Navidad 2014

La tardecita, noche, de éste 24 de diciembre será un momento de quiebre para nosotros, los judíos que elegimos vivir fuera del Estado de Israel. Estará finalizando la festividad de Janucá y comenzará el conteo hacia la medianoche, la Misa de Gallo, y la Navidad. De nuestras modesta luz de las velas a la parafernalia lumínica navideña, o como las llamamos en Uruguay, "las fiestas".

Históricamente hay una brecha de unos doscientos años (grosso modo) entre lo que conmemora y celebra Janucá y lo que recrea Navidad.

Temáticamente la brecha es también importante: Janucá conmemora un levantamiento militar para restaurar un modo de vida, mientras que Navidad celebra el nacimiento del mesías para los cristianos.

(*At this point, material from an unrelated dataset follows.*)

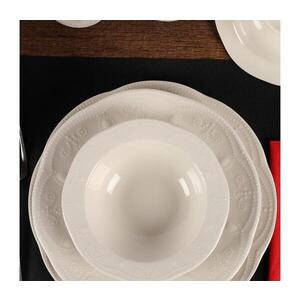 Jídelní sada 24 ks krémová/porcelán 710KTP3806 obraz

Ambas festividades conmemoran milagros: en un caso el aceite que debía durar apenas un día pero dura ocho; en el otro un nacimiento anunciado y milagroso. Ambas festividades tienen que ver con la esperanza: la rebelión macabea y posterior dinastía hasmonea hizo posible un reino judío independiente por poco más de un siglo; el nacimiento de Jesús es el punto de partida de un teología de esperanza y salvación mesiánico. La diferencia es que el empeño macabeo es derrotado por Roma, mientras que en el siglo IV es Roma quién se convierte en cristiana y difunde y sostiene la nueva religión. Mientras los judíos seguirán esperando al mesías, los cristianos esperarán la parusía, la segunda venida.

Con todo el mundo iluminado, sea en las heladas noches del invierno nórdico o en las cálidas noches del hemisferio sur, los judíos nos sentimos un poco fuera de encuadre. Aun si supimos hacer uso de la hermosa oportunidad de encender velas, cuando llega Navidad el aire queda invadido de una alegría que nos cuesta ignorar. Para muchos judíos, especialmente los no observantes, la opción es reunirse puertas adentro como hace el resto de los vecinos, dejar que el tiempo corra entre charlas y comidas, y disfrutar del día libre. Algunos optarán por acompañar amigos no judíos en su celebración. Otros ignorarán el día adrede. Una semana más tarde festejaremos el Año Nuevo que, por alguna misteriosa razón, nos iguala con nuestros semejantes. Año Nuevo tiene también un trasfondo religioso relacionado a la vida de Jesús (su circuncisión), pero ha sido despojado de este sentido para universalizarse y laicizarse. Después de todo, el día del año nuevo es la convención internacional por la cual la humanidad ha optado medir el tiempo.

Aprendí a hacer mía la Navidad a fuerza de elecciones de vida. Estoy seguro que no soy una excepción sino un caso mucho más común de lo que se admite. Cuando me ha tocado no celebrarla (vale decir, no estar en un marco que la celebre), la he extrañado. Cada año que fui parte tuve plena consciencia de que, si bien no era “mi” festividad, sí lo era para gente que quise y quiero. Con todos sus conflictos familiares, las reuniones navideñas apelan al amor, el encuentro, y sobre todo abren un tiempo de esperanza. ¿Quién quiere ser ajeno a tal propuesta? No yo, por cierto.

Ser judío liberal, abierto al mundo, lleno de contradicciones, no es fácil. Más aun cuando uno trata, día a día, de dotar a su judaísmo de mayor relevancia y significación. No es que al judaísmo le falte amor, encuentro, o tiempo para la esperanza; cada Shabat es un tiempo de amor y encuentro, cada Rosh Hashaná inicia un período de recogimiento, introspección, y nuevo aliento para seguir adelante. En cada festividad decimos: “el año próximo en Jerusalém”, mensaje mesiánico si los hay. Pero no podemos ni debemos sustraernos del entorno. Hacerlo implica un mundo tal vez más “puramente” judío, pero humanamente menos gratificante. Después de todo, somos lo que somos en función de otros que no lo son.